Kini aku kembali mengarahkan pandanganku ke arah bendera yang lusuh itu. Sekarang, aku berbicara pada temanku dengan nada sedikit lebih rendah, “Kau tahu, Bung, kenapa bendera itu tampak lusuh?”. Ia menggeleng. “Itu karena ia sudah bosan melihat tingkah pemimpin-pemimpin kita yang haus kekuasaan, umara versus ulama, hukum yang tajam ke bawah tumpul ke atas, korupsi menjadi-jadi, aksi main hakim sendiri, pengadilan jalanan, impor narkoba sampai berton-ton banyaknya, anak-anak bangsa ini semakin banyak yang sakau, pendidikan kita yang bobrok dan tak lagi menjamin etika para pelajarnya, bullying, terorisme dan paham kebencian, ketimpangan antara si miskin dan si kaya yang semakin lebar saja jaraknya, arus imigrasi ilegal yang tak terbendung lagi, dan sampai kekayaan alam kita yang terus digerus dan dihisap oleh asing dan aseng!”
“Karena itu bendera kita lusuh, Bung!” aku menangis sesenggukan dan memeluk temanku itu.

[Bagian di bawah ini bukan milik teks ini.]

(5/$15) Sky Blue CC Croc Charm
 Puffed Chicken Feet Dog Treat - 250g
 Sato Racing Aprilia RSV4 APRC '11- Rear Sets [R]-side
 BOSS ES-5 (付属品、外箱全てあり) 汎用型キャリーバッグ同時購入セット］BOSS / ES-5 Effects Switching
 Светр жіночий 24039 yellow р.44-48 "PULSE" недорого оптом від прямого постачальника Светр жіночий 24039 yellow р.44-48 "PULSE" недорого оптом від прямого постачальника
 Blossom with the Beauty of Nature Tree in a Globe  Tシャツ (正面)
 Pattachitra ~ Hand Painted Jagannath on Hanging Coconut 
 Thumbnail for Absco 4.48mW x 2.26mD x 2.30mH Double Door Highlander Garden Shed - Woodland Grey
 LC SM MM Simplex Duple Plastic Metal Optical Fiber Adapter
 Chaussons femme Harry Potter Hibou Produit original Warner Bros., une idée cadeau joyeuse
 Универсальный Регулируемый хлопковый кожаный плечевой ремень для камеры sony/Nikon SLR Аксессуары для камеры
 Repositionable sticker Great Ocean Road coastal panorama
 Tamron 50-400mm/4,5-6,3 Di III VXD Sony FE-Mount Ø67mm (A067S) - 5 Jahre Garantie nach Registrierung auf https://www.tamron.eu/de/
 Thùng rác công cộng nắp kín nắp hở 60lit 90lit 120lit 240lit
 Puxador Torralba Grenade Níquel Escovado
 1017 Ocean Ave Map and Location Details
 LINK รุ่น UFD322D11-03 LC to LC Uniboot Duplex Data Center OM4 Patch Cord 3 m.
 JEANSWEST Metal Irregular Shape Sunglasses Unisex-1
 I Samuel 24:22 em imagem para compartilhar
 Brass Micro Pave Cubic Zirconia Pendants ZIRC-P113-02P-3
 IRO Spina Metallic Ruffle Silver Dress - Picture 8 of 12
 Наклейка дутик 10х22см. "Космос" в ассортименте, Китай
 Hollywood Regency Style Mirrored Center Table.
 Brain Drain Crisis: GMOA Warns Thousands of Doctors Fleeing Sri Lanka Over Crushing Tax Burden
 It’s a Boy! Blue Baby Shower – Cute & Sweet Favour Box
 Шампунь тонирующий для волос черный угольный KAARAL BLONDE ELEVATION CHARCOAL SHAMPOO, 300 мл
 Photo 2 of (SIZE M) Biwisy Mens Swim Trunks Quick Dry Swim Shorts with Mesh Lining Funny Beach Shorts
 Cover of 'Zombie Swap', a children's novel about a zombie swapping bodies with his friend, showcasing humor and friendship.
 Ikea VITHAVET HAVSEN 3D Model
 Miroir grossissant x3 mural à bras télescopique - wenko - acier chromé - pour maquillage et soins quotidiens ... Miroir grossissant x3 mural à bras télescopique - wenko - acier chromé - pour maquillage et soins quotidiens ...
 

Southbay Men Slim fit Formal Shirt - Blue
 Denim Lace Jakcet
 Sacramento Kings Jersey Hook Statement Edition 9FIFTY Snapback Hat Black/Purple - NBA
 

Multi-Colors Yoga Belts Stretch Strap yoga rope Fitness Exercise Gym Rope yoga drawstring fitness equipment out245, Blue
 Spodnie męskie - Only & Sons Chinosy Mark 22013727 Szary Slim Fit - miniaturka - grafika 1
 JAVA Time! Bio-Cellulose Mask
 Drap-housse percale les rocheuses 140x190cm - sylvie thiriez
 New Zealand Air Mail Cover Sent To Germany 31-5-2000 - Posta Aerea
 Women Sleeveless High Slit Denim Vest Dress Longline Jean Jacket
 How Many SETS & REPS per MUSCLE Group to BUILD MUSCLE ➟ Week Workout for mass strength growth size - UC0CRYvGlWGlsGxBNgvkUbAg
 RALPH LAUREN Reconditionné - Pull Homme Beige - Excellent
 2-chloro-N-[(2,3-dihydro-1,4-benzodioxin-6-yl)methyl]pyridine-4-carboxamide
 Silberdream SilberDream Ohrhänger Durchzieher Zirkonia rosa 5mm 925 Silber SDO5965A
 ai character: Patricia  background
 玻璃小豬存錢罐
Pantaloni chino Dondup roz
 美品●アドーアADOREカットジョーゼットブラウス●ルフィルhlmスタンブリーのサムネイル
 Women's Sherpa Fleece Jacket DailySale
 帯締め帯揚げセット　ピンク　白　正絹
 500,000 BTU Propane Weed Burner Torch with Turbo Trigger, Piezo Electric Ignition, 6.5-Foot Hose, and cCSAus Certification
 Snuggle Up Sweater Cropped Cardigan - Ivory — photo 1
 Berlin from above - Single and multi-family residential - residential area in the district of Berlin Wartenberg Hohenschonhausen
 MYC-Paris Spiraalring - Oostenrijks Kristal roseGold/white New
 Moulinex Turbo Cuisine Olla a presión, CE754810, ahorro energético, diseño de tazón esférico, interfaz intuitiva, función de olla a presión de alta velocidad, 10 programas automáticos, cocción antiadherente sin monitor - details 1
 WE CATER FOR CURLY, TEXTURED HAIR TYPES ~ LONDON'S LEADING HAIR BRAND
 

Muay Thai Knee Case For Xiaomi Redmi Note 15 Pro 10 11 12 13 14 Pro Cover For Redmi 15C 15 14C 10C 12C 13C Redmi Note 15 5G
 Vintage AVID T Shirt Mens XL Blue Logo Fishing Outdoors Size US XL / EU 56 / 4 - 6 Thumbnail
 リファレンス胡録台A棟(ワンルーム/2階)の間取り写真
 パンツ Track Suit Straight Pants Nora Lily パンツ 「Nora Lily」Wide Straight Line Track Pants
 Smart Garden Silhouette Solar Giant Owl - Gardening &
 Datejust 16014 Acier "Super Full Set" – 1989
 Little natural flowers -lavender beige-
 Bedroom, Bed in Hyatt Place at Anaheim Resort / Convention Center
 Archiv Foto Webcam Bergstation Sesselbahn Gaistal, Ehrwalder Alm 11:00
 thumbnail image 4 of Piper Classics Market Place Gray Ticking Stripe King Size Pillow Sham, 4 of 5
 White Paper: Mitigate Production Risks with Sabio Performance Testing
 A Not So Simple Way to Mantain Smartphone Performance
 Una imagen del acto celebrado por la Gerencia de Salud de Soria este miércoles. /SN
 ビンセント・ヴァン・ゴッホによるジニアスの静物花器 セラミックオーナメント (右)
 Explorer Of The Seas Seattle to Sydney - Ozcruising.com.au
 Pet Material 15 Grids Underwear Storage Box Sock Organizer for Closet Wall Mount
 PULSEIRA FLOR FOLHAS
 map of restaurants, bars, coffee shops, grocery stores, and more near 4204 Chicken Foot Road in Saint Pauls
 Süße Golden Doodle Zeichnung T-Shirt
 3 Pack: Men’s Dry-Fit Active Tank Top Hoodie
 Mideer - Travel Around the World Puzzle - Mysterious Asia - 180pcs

“Beta tahu itu, bung, Beta tahu bangsa kita ini punya sangat banyak masalah,” temanku menepuk-nepuk pundakku, menenangkan aku.
“Tapi setiap masalah pasti ada solusinya,” ia melepaskan pelukanku dan tersenyum.
Kali ini ia mengepalkan tangan kirinya mantap dan berkata, “Dan sudah menjadi tanggungjawab kita bung sebagai generasi muda untuk mencari solusinya”.
“Kita sebagai anak-anak bangsa yang terdidik tak boleh hanya menyalahkan pemerintah kita saja tho. Sebab bangsa ini bukan milik pemerintah saja, tapi milik kita bersama anak-anak bangsa Indonesia” Ia menutup kalimat itu dengan senyum mengembang di wajahnya, dan aku pun tersenyum jua.
Tanpa terasa waktu berjalan begitu cepat, tanpa sadar kami sudah cukup lama berdiri di tempat itu, membicarakan arti dari sebuah kemerdekaan. Bahwa arti merdeka itu adalah saat kita mau bersama-sama melepaskan ego kita, untuk berpikir dan berkarya serta bekerja untuk Indonesia yang lebih baik.
Matahari tepat menyingsing dari timur, terbit menerangkan dan menghangatkan bumi tempat kami berpijak. Dan perlahan angin pagi datang menyapu wajah kami yang sumringah, menatap bendera kami yang kembali berkibar.
***
http://image-serve.hipwee.com

Aku merampungkan cerita ini di kamarku tepat pukul 1:25 di malam selanjutnya. Yang kuberi judul: SYAIR MERDEKA.
Quotes: “Negara Republik Indonesia ini bukan milik sesuatu golongan, bukan milik sesuatu agama, bukan milik sesuatu suku, bukan milik sesuatu golongan adat-istiadat, tetapi milik kita semua dari Sabang sampai Merauke!” –Presiden Pertama RI, Ir. Soekarno.